> _Task goal_: Copy all the data exactly, except the pictures.

> _Information supplied_:
|---|
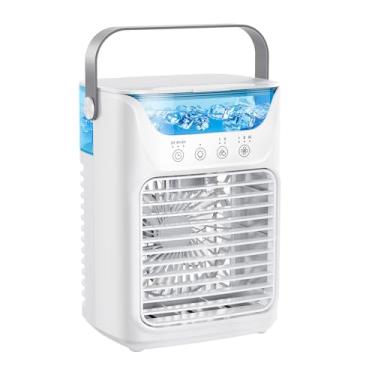 Imagem de Hyuduo Ventilador de Ar Condicionado Portátil, Mini Umidificador Refrigerador de Ar 4 Em 1 Com Tanque de água de 700ML 3 Velocidades 60 ° Ajustável Luz Noturna de 7 Cores, para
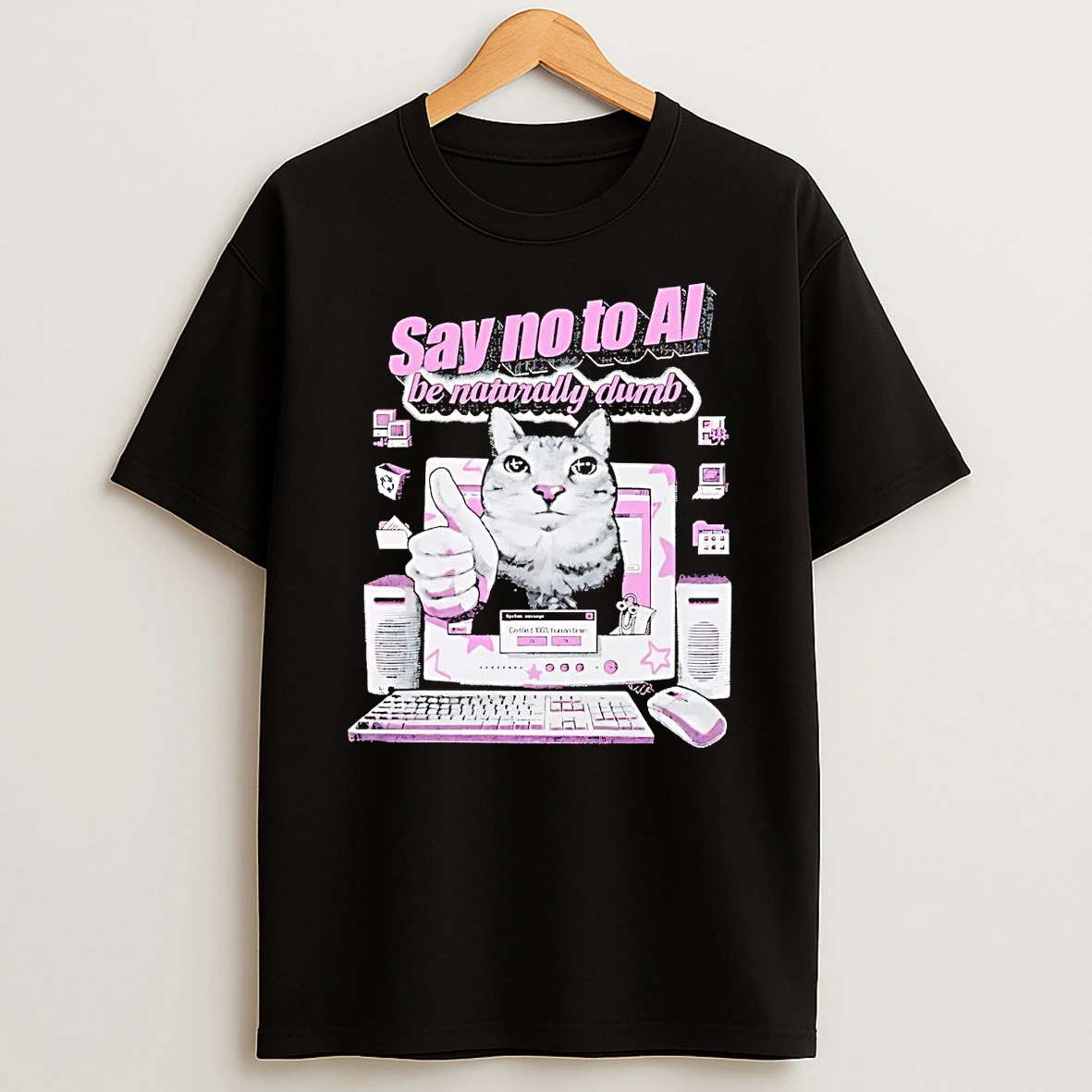 Cat Say No To Ai Be Naturally Dumb Shirts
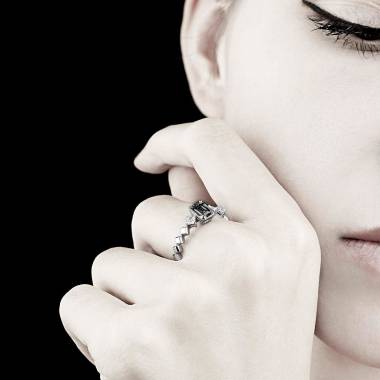 Black Diamond Engagement Ring White Gold Elsa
|---|
> _Problem solution_:
 Imagem de Hyuduo Ventilador de Ar Condicionado Portátil, Mini Umidificador Refrigerador de Ar 4 Em 1 Com Tanque de água de 700ML 3 Velocidades 60 ° Ajustável Luz Noturna de 7 Cores, para
 Cat Say No To Ai Be Naturally Dumb Shirts
 Black Diamond Engagement Ring White Gold Elsa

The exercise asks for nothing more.